With one empty chair at the table, (thanks to Wynne’s philandering husband), it’s not long before it’s filled. The introduction of Mike, the ordinary bloke whose van crashes and needs to use the phone, is clearly a set-piece, intended by Buffini to reveal the vacuousness of the diners. And it worked. Dominic Gould handled the role well, adding some calm and seasoned timing to proceedings. But this in turn highlighted the fact that the other characters couldn’t help but stray into caricature territory. And this my the ultimate issue with the production: a lack of real nuance. Exchanges crackled, but it felt as if the weight of the play was cast aside for the humour, and as such the savage end, intended to shock and induce some thought, just fell a little flat.
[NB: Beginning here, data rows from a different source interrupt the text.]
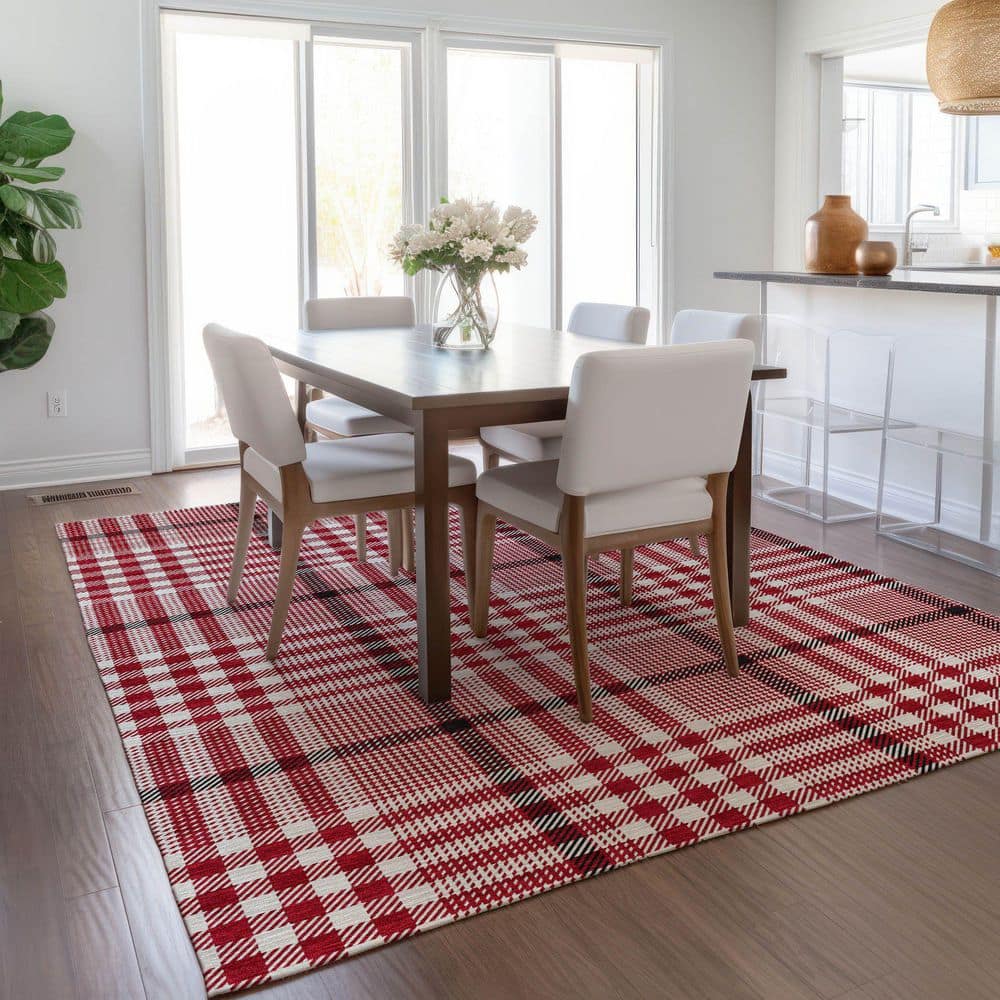 Red Plaid Synthetic Washable Indoor Outdoor Rug 3' x 5'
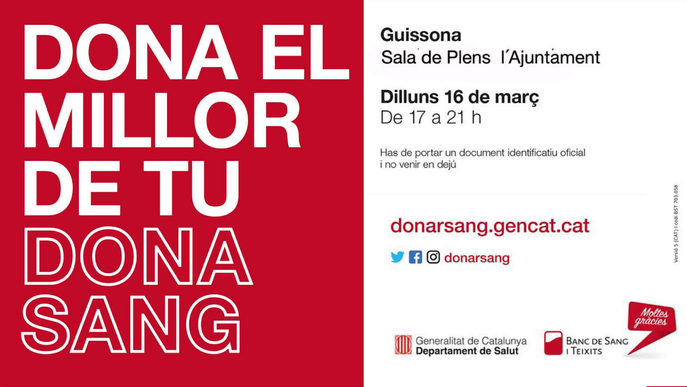 Vine a donar sang a Guissona!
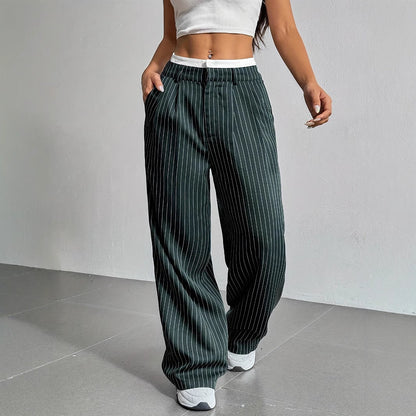 Giselle Striped High-Waist Wide-Leg Pants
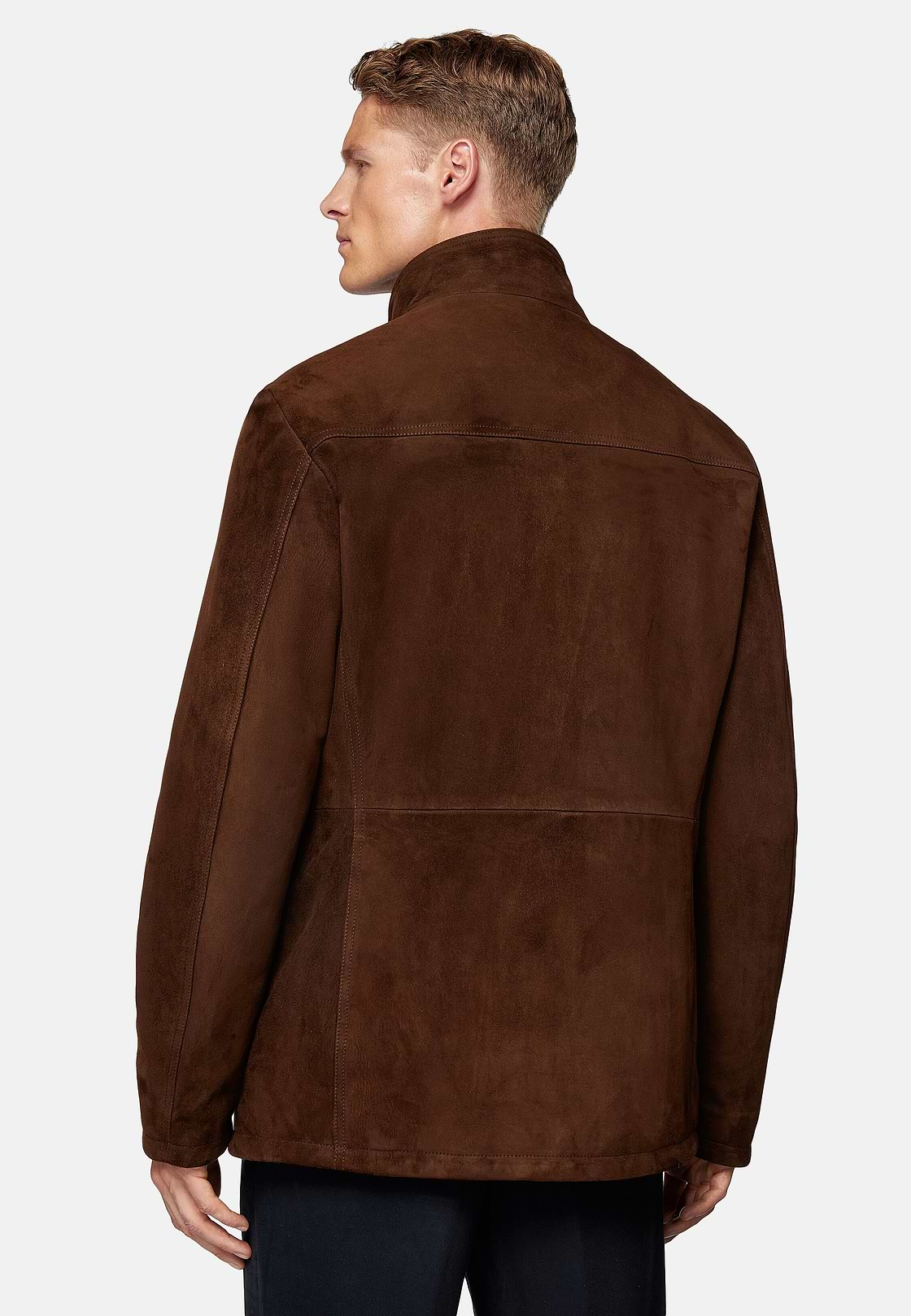 Padded Peacoat in Genuine Suede Leather, Brown, hi-res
For a play that pertained to be full of philosophical depth, we merely paddled in the shallows.
The nuances, intimations, subtleties, undercurrents – call it what you will, but really recognising these would have made the production soar. Instead, we got a series of events, dark humoured farce with some marvellously entertaining moments but no real sense of fluidity and balance. Effectively, the real issue was one of staging. The decision to go for a traverse stage, with seating on either side, diluted the performance. While it’s a reliable, go-to arrangement for pumping up the intimacy, in this production it meant that much of the action was obscured. It doesn’t take much to correctly assume that in a play called Dinner, events unfold around a dining table. However, this seemingly simple staging is, in fact, rife with difficulties. Ensuring that all the audience members get a balanced view of all the characters was impossible with this particular stage layout. It felt as if blocking had hardly been considered, and it would have been good to feel director, Sebastian Romaniuk’s, influence more clearly.
Dinner had style and plenty of laughs. It was undeniably enjoyable but not particularly substantial; my appetite was piqued but ultimately I wasn’t left feeling blissfully well-fed.